Not cornering a snake is always a concern, but once Putin is trapped in a losing circumstance, the nukes don't fix it, but make it harder and more costly to escape.
Pundits and 'experts' talk more and more about it becoming a stalemate, and it's a pretty good possibility that stalemate will seriously settle in along a contact line not tremendously different from what it was at the start of the invasion. In that circumstance Putin could find an exit opportunity by declaring the operation successful in the liberation of the pro-Russian separatist areas. That sort of result might be just a few months away.
All that depends on 1) Ukraine being able to fight back to near the original contact line and holding it (they seem capable of doing that if supplied with war materials from the West) and 2) Ukraine accepting the loss of the separatist areas in the east and northern shore of the Sea of Azov.

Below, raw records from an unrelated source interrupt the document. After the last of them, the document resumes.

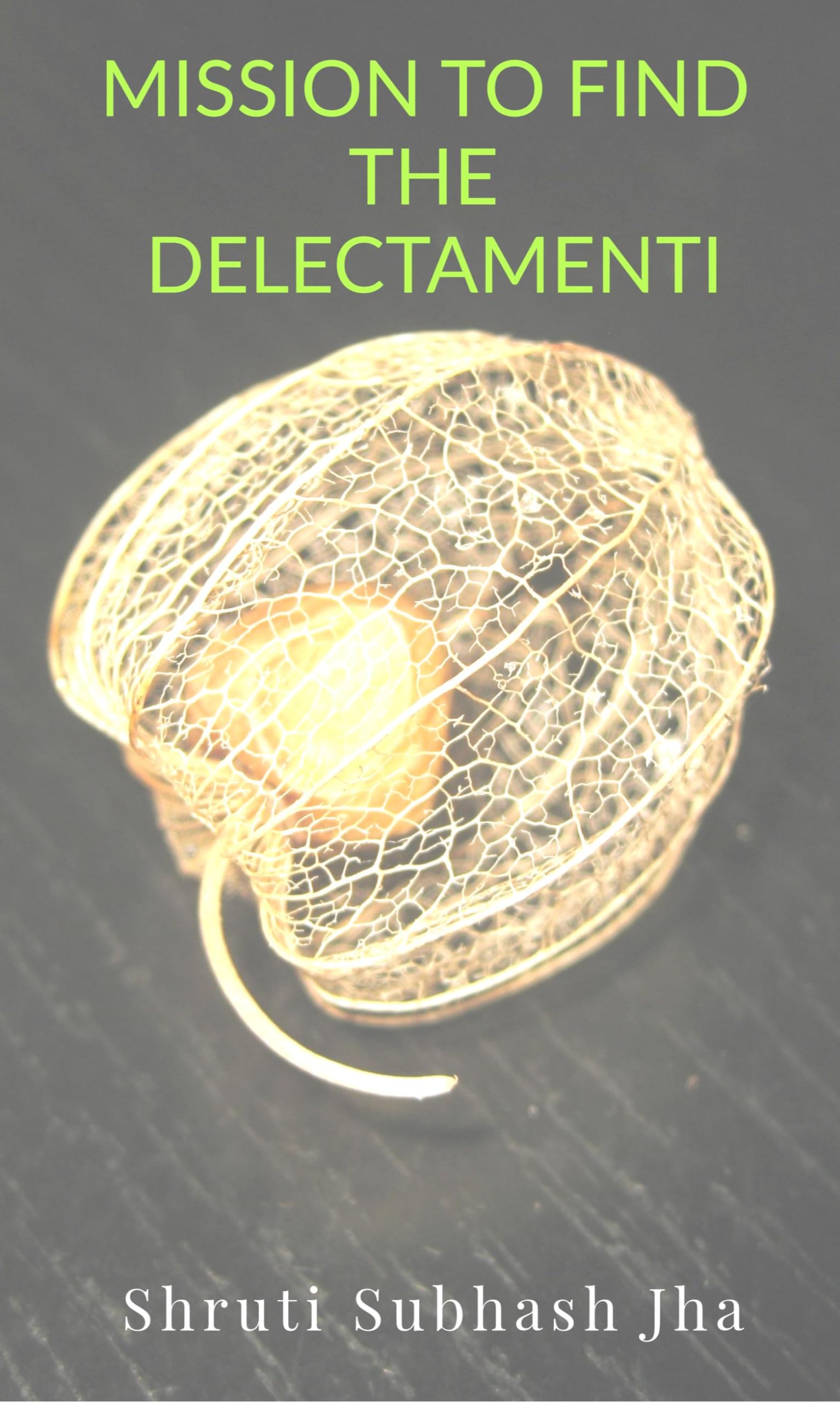 Mission To Find The Delectamenti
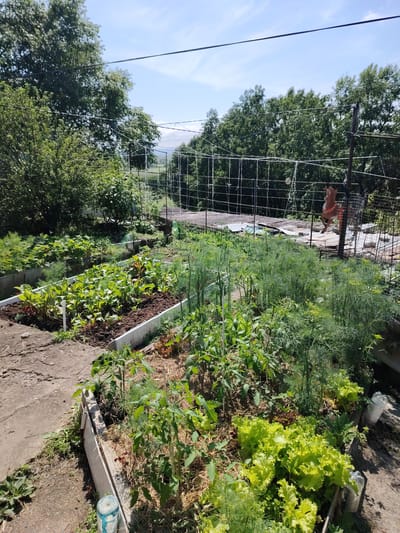 This image depicts a vegetable garden in Razdolnoe, Russia, on a clear, sunny day. The garden features several raised beds filled with various crops. In the foreground, a raised bed contains rows of young beet plants with red stems and green leaves, alongside dill and lettuce. Another raised bed to the right is filled with more dill, tomato plants supported by stakes, and leafy green lettuce. In the background, a wire trellis system runs across the garden, likely for climbing plants. Beyond the garden, mature trees form a dense green backdrop. A light-colored, possibly concrete path runs along the edge of the raised beds. A decorative item, appearing to be a small wooden horse, is suspended from the trellis. The overall scene conveys a sense of active cultivation and a well-maintained garden.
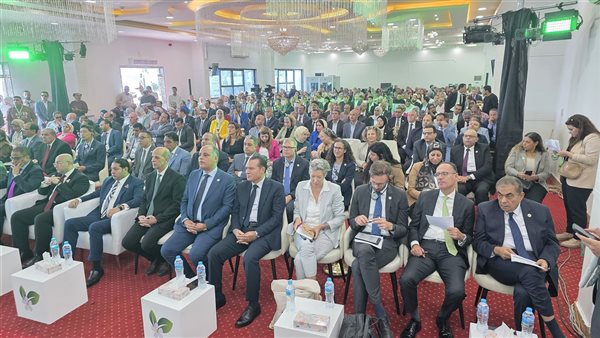 فعاليات المهرجان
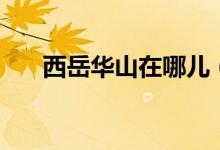 西岳华山在哪儿（西岳华山在哪个省）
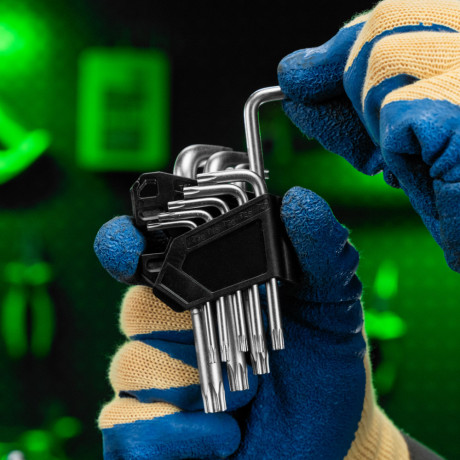 Набор ключей имбусовых Torx-Tempered, TT10-50, CrV, 9 шт. Сибртех
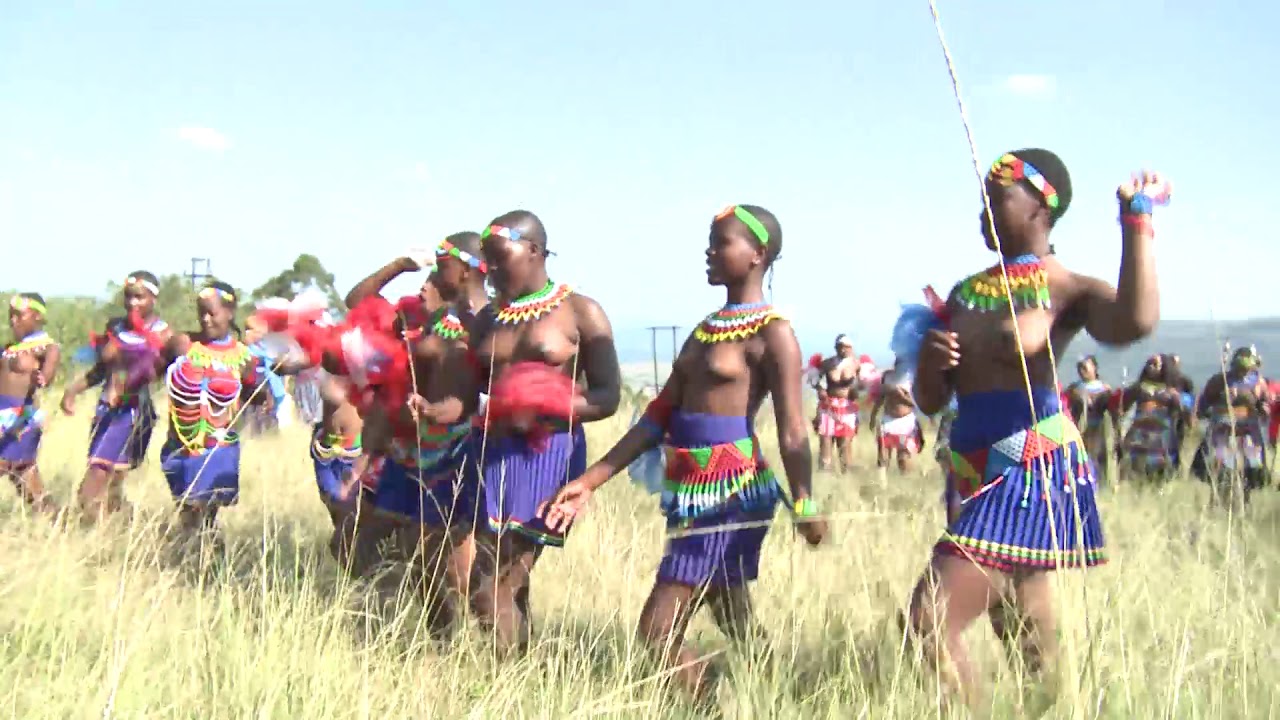 Zulu maiden songs and dances.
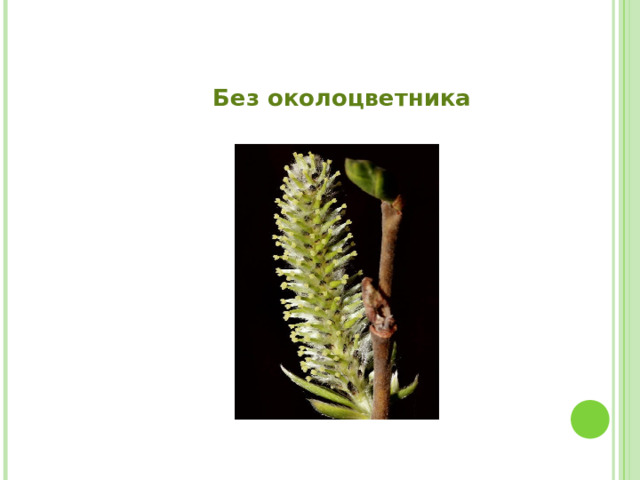 Без околоцветника 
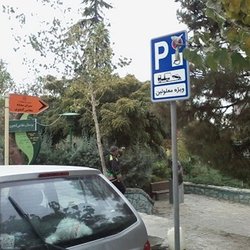 هشدار پلیس به رانندگان؛ در محل اختصاصی معلولان پارک نکنید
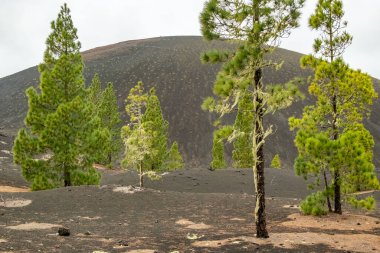 Kanarya Adası, El Teide Ulusal Parkı, Tenerife, Kanarya Adaları, İspanya 'nın engebeli volkanik arazisindeki Pinus kanaryasıdır.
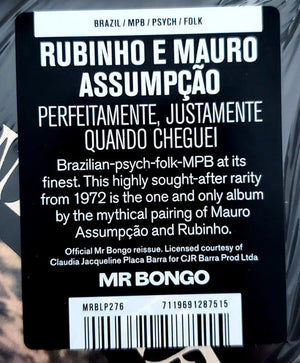 Rubinho E Mauro Assumpção - Perfeitamente, Justamente Quando Cheguei - 2023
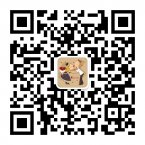 爱情婚姻二维码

But the Russian war atrocities to date present a huge problem, it's going to be hard for Ukraine to end the war with a cease fire and treaty with the nation whose 'special operation' victimized it in an encyclopedic collection of war crimes.
Lighting off nukes in Ukraine (or elsewhere) makes those atrocities all the worse. International punishment would be extremely severe, likely making the Treaty of Versailles look like a parking ticket, and leaving Russia downsized physically and economically in the same way as Austro Hungary was after WWI.